Most lenders see scores above 700 as positive indicators of good credit health while scores below 600 are deemed to be risky. Interest rates for mortgage loans are higher if your credit score is in the lower ranges.

Lenders seem to be pulling in the reins on mortgages or refinancing if your credit score has marks on it. Many lenders don’t want to handle riskier loans when the market is slower.

Novastar Financial Inc. of Kansas City, MO, lost 42 percent of its share price due to a fourth quarter loss of $14.4 million. Company officials set aside $45 in anticipation of defaulting mortgages.

When the market shifts, investors demand much higher standards to approval a mortgage loan. This shift causes some consumers to be squeezed out of the market.

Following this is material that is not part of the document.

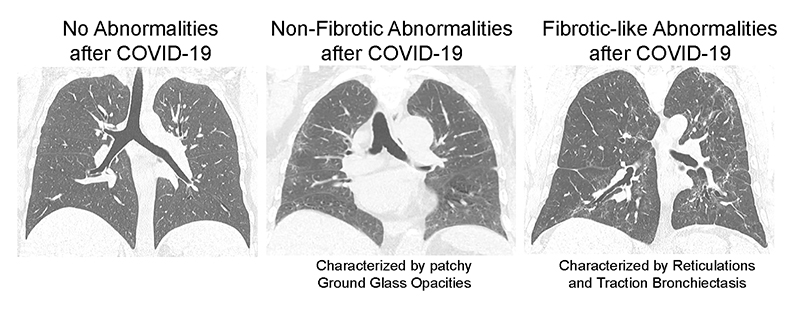 image of CT scan of lung following COVID-19 with and without abnormalities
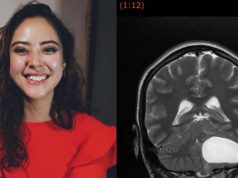 Joven teziuteca pide apoyo para costear operación de tumor cerebral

During the past few years, many homeowners borrowed against their homes while the market was forging forward. They now have second mortgages and home equity loans to pay when the economy is tightening. Real Estate prices are leveling at this point.

The nation’s economy may be affected by the slowing housing market and increase in the interest rates. The trend for lenders and investors will lean toward more care when handing out mortgage loans. This does not mean you can’t obtain financing, it just means it make take a bit of creativity.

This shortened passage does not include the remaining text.